- WORK INSTRUCTION:
Write out the full listing exactly as given, minus the images.

- RECORDED INFORMATION:
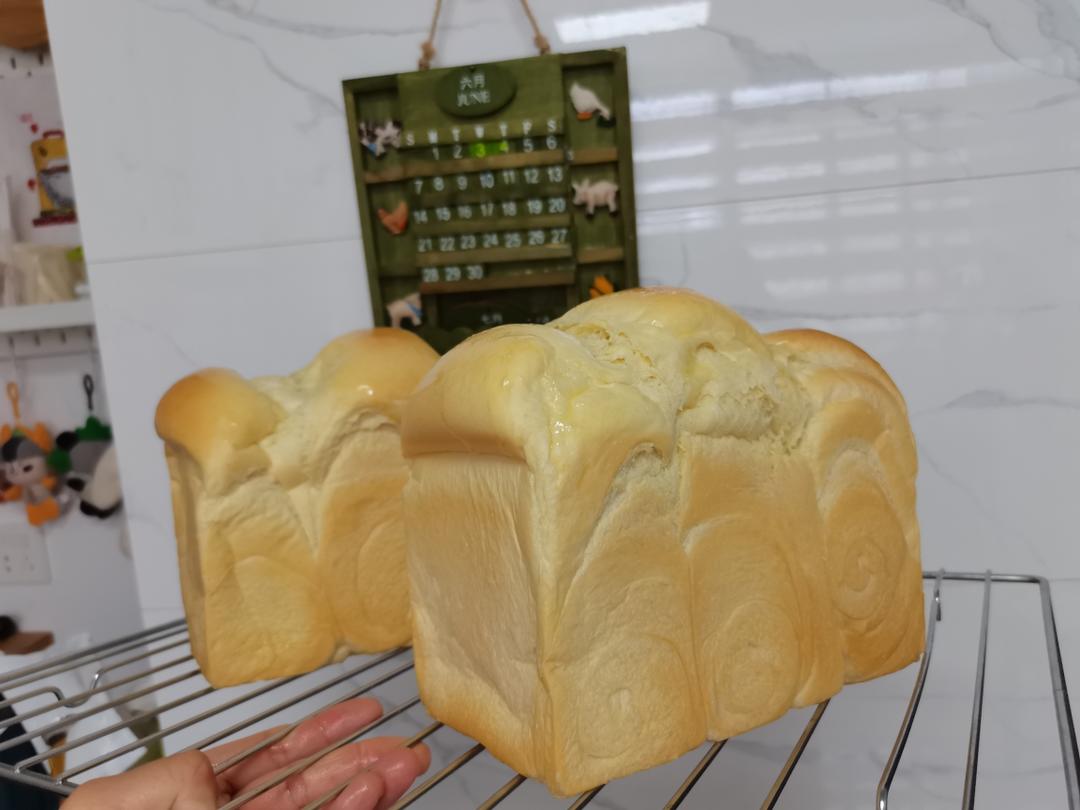 纯奶手撕吐司的做法 步骤1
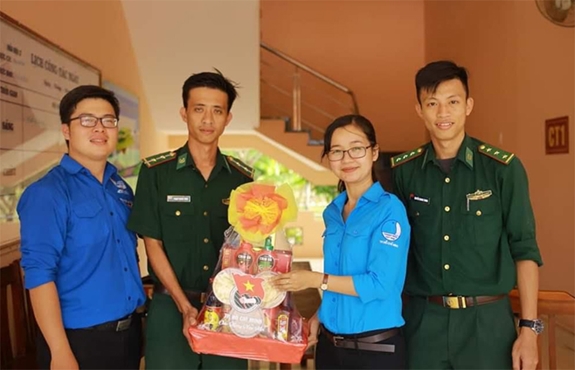 Hội Liên hiệp Thanh niên TP Hồ Chí Minh thăm, chúc Tết các đơn vị biên phòng.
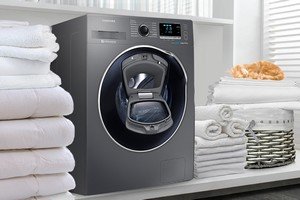 Samsung Crystal Gloss™. Doskonała linia, elegancki wygląd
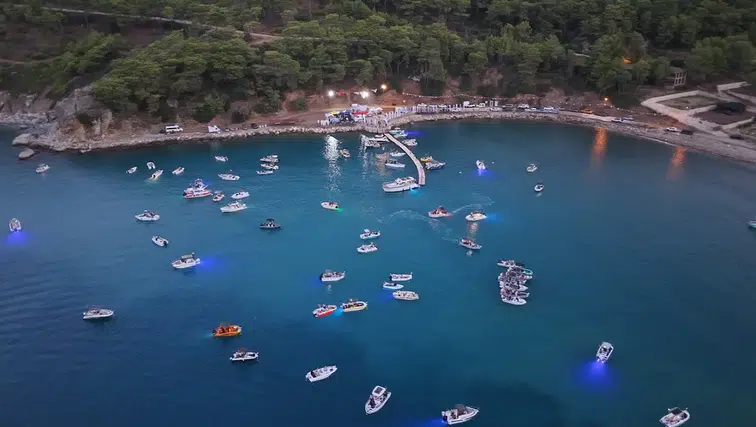 Antalya'da balıkçılar en büyük balığı tutmak için yarıştı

- EXERCISE OUTPUT:
 纯奶手撕吐司的做法 步骤1
 Hội Liên hiệp Thanh niên TP Hồ Chí Minh thăm, chúc Tết các đơn vị biên phòng.
 Samsung Crystal Gloss™. Doskonała linia, elegancki wygląd
 Antalya'da balıkçılar en büyük balığı tutmak için yarıştı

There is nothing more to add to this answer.